SKA and the problem of processing all that data
23 Apr 2020



Chris Pearson is Astronomy Group Leader at RAL Space and part of the SKA Science Data Processor Team. He talks about how his team are trying to solve the problem of big data from the new generation of ground based telescopes.


​​​​​​The on-site computing facilities at the Murchison Radio-astronomy Observatory in Australia with all the wires coming in from the various antennae.

Credit: STFC RAL Space/ Chris Pearson​

​When we think of astronomy and looking at the night sky, the most common images we hold are either those of telescopes in our back gardens or perhaps the giant professional telescope observatories on top of the summits of mountains.

However, our universe doesn't only shine in optical light and in fact we can observe the universe with other different types of light waves from energetic X-ray light down through to the less energetic light at radio wavelengths.

The advantage with radio wavelengths is that we do not have to fly telescopes into space to do the astronomy.

Radio telescopes are perhaps not what we may expect. Instead of a familiar telescope shape, they can be either giant dishes or wiry antennas (looking like old TV aerials).

Radio telescopes today are usually built in giant clusters of either these dishes or antennae, covering large areas of land. The reason behind this is that for radio astronomy, we can play a scientific trick. If we group say 10 x 1m radio dishes together, we can effectively create an equivalent single 10m dish. In theory we could build a gigantic radio telescope made up of hundreds of smaller ones.

This is what the Square Kilometre Array (or SKA) project is trying to do. The SKA project will build and engineer the largest radio telescope, in fact the largest scientific facility, in the history of humankind.

Putting together 1000's of dishes and 100,000's of small antennae, we hope to create an equivalent telescope of a kilometre in size (compare that with the Hubble telescope which is more like 2m). The SKA project is so big that half of the elements are being built at a site in South Africa and the other half in Australia using the remote desert areas to avoid any domestic radio interference. The headquarters will be in the UK at Jodrell Bank, near Manchester.

This sounds like an amazing engineering feat and it certainly is. However, in reality most of the technology is not particularly new. Certainly, the antennae are relatively cheap and just thrown down on the ground in massive congregations. So you may ask, 'Why wasn't the SKA built earlier, say 20 years ago'?

Well, in terms of the dish and antenna technology it could have been built relatively easily. The problem is not with the engineering but with the computing technology. Put simply, there has never been and still is not the computing facilities and power to deal with the vast amount of data that the SKA will produce.

The SKA poses significant challenges in computing design, large scale distribution and computer programming. Computers will need to receive all the data from every single one of the thousands of individual dishes/antennae and sort them or correlate all the signals together and then process the data to produce astronomical radio images of the sky.

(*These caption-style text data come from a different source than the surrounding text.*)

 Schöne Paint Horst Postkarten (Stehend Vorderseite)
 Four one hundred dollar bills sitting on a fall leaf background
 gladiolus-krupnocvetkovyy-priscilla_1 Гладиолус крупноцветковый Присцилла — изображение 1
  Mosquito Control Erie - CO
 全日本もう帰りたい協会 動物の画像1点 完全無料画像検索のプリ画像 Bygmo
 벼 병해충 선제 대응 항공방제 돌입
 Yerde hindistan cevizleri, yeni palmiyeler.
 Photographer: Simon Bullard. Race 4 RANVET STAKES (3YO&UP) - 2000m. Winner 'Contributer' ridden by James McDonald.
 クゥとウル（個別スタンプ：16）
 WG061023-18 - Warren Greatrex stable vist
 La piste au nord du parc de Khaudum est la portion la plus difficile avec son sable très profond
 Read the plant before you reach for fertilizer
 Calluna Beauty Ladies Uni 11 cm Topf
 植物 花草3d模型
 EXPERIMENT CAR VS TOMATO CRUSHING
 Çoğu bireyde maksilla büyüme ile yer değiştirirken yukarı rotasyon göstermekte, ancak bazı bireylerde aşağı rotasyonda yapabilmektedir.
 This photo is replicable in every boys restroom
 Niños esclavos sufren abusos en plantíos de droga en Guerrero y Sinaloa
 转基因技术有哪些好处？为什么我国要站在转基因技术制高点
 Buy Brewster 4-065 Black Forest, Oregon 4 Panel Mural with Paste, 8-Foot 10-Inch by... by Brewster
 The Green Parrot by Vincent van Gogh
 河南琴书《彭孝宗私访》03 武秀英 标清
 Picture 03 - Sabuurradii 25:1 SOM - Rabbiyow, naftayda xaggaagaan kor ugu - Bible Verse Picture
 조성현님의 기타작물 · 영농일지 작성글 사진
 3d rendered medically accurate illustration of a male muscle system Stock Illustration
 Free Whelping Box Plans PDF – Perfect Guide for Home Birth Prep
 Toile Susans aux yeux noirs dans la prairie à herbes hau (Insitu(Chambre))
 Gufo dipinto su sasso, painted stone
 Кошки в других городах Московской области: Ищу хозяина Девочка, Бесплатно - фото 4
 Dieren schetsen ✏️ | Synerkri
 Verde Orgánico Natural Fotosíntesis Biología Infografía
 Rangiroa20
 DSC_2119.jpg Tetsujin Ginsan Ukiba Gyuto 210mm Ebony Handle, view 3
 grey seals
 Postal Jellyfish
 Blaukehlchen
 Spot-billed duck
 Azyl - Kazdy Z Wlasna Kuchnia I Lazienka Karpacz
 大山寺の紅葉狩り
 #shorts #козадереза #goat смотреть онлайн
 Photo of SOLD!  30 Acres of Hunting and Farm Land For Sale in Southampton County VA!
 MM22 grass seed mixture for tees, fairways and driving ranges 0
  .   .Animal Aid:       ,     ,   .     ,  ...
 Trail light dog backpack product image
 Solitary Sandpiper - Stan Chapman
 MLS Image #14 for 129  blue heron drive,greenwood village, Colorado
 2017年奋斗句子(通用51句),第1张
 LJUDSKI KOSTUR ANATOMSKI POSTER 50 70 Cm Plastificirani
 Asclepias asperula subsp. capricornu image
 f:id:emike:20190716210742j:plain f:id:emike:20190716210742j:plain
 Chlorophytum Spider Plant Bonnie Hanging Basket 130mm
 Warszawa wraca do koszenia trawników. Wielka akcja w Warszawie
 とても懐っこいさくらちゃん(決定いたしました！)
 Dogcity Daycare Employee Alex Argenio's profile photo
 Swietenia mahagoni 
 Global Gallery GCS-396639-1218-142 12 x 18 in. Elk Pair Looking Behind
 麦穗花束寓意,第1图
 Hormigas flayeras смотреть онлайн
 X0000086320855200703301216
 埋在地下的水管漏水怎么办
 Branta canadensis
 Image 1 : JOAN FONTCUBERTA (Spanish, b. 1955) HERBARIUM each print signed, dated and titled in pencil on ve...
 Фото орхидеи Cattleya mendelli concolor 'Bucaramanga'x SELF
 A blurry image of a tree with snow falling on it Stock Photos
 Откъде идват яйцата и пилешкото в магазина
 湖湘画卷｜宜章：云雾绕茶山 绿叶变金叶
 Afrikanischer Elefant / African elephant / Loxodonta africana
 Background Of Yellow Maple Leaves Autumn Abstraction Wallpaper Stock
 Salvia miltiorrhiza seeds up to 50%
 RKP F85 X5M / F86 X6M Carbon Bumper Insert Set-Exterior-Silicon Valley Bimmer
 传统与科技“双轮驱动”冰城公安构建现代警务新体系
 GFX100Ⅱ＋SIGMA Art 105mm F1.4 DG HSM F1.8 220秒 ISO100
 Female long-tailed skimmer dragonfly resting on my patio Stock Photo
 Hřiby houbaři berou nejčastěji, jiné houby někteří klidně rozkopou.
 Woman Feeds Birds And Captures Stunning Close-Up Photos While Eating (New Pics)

To put this challenge in perspective, we need a lot of clever data processing because the antenna arrays in the SKA could produce more than 100 times the current global internet traffic! The data collected by the SKA in a single day would take nearly two million years to playback as music on your iPhone. Therefore we will need to compress (reduce) the data, extract what we need and throw away the rest. The SKA will need to process 10 petabytes (thats 10 million Gigabytes) of data every HOUR.

So how can this miracle of computing be achieved? At RAL Space we are part of a global team that are working to create the Science Data Processor (SDP) of the SKA. The Science Data Processor will include the software that will do the job of taking all that SKA data, carry out the processing and output the results.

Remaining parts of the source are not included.